Over the past few years, many companies that previously developed purely mechanical or unconnected devices with electronics and embedded software (eSW) have started to develop connected devices, apps, and/or other digital solutions. Venturing into this new territory comes with its challenges – with even non-medical apps or digital solutions being regulated under the same principles as medical device software (e.g., in terms of cybersecurity and data protection).

Furthermore, whilst developing the source code for a certain functionality (e.g., in an app) is a reasonable effort, compliantly documenting and testing the source code takes a multiple of this duration, not to mention the time and budget required for ongoing software maintenance. When the effort is underestimated, costs explode, and deadlines are missed.

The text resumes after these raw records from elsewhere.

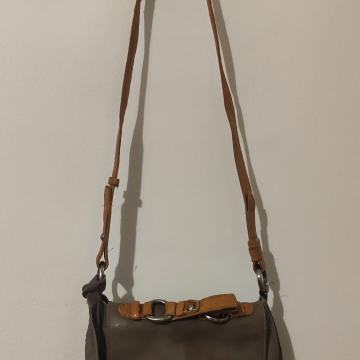 Topshop kožna torba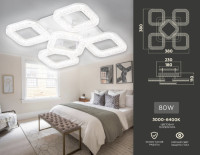 Потолочная люстра Original FA3914 Ambrella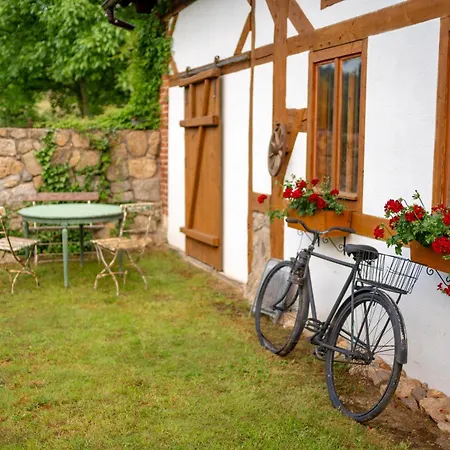 Apartamenty sudeckie nad zalewem III Apartament Sosnówka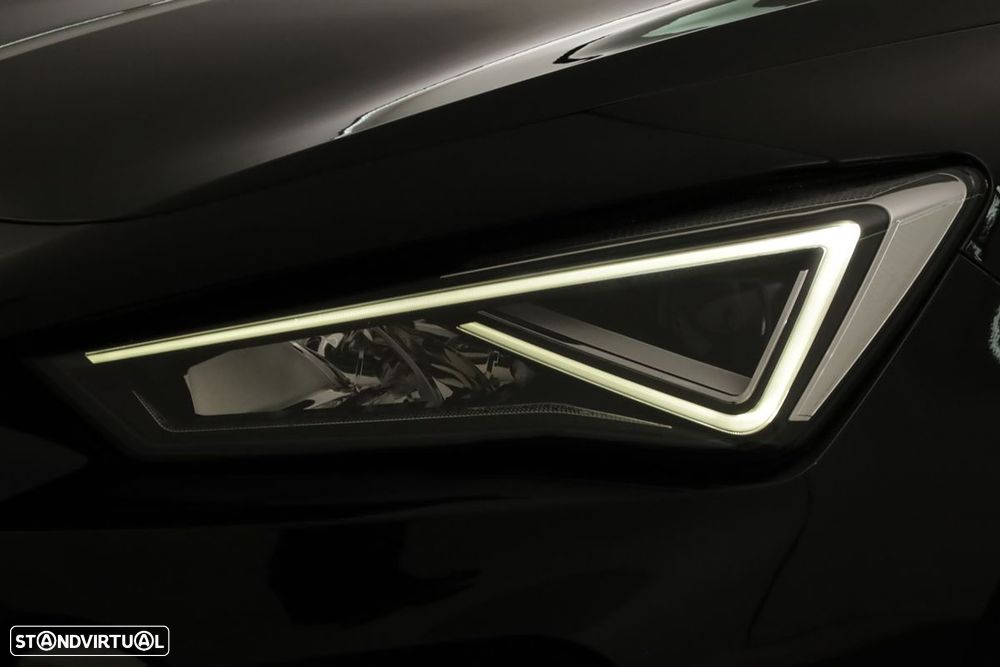 Cupra Formentor 1.4 e-Hybrid DSG - 6
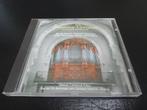 Susanna Veerman Wim Does Cavaillé Coll orgel Parijs, Cd's en Dvd's, Met libretto, Overige typen, Ophalen of Verzenden, Zo goed als nieuw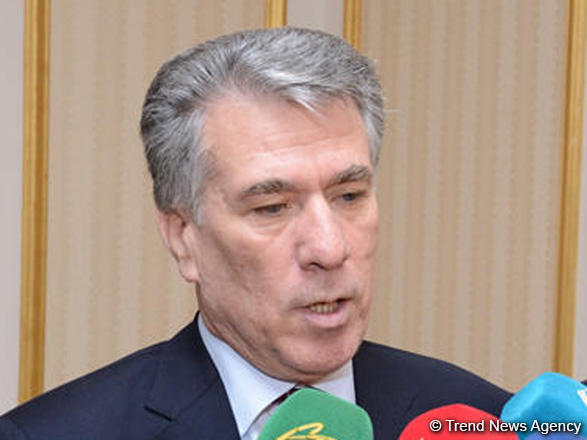 Зияфет Аскеров: Армения - вымышленное государство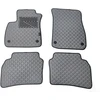 Kilimėliai QuiltyMats OPEL INSIGNIA 2017-2022 (4 vnt.), D.Gray-Gray /33-14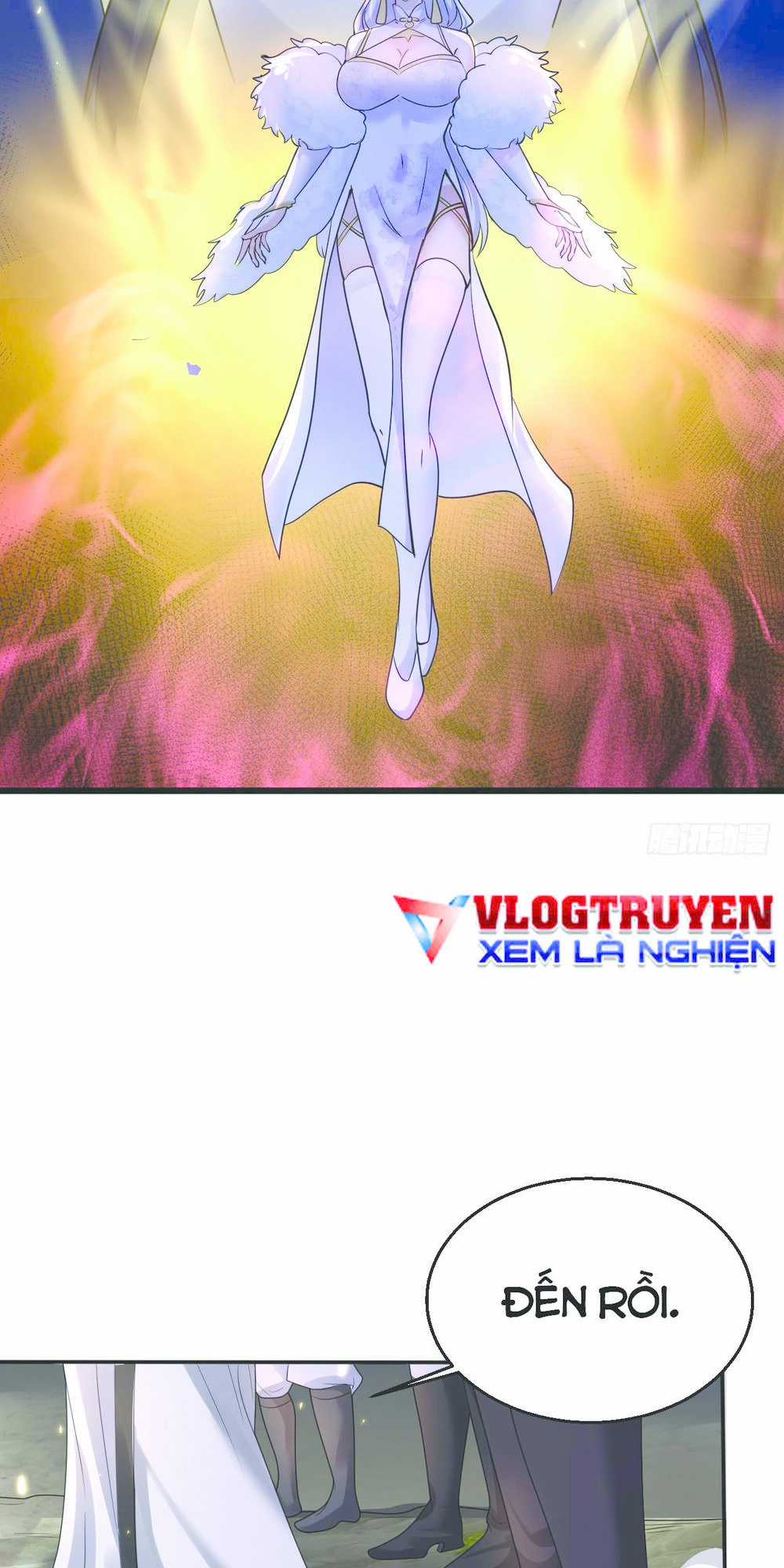 Ta Vô Địch Từ Ăn Chực Chapter 9 trang 26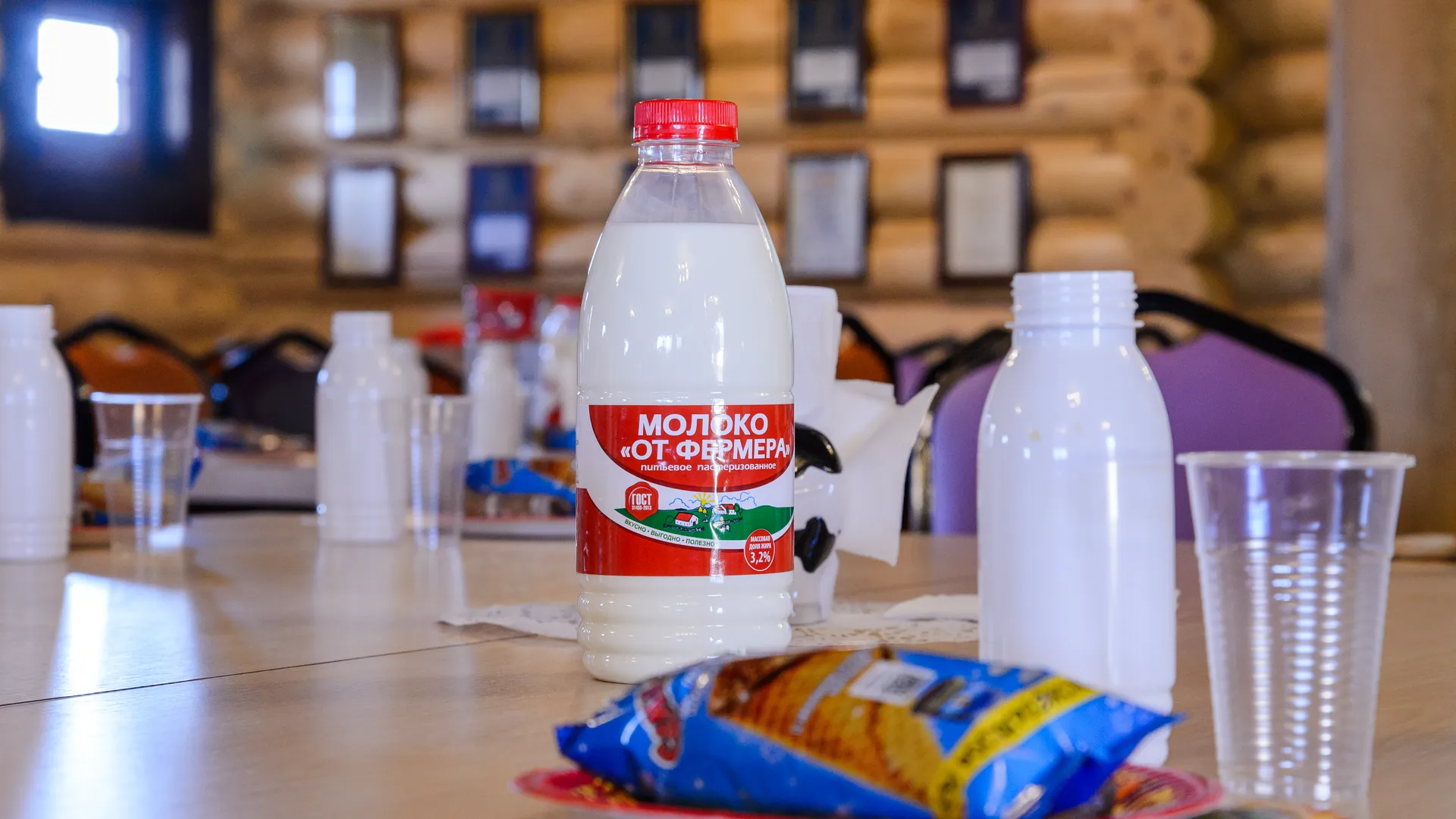 Диетолог НИКИ детства посоветовала давать детям больше белковых продуктов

Brought to you by our Head of Quality and eHealth Dr Dirk Hüber, our latest whitepaper outlines some basics regarding design control for software that will facilitate an understanding of why the regulatory requirements for medical device software are in force, and why they make sense. Within the free whitepaper below we explore:

  • The different processes to develop and test software (e.g., the classic waterfall vs the V-model)
  • Cybersecurity and data protection requirements for connected devices and software
  • The importance of software updates & configuration management
  • The regulatory requirements for software taken from external sources, such as off-the-shelf (OTS) software and software of unknown provenance (SOUP), including open-source software (OSS) and free open-source software (FOSS), and the need for ongoing maintenance of these kinds of software
  • The aspects to consider when purchasing software – even if it’s free of charge

You can access the full whitepaper at the download button below.

Can’t see the whitepaper? Simply log in, or subscribe to our Knowledge update for full access to all content from our MedTech experts.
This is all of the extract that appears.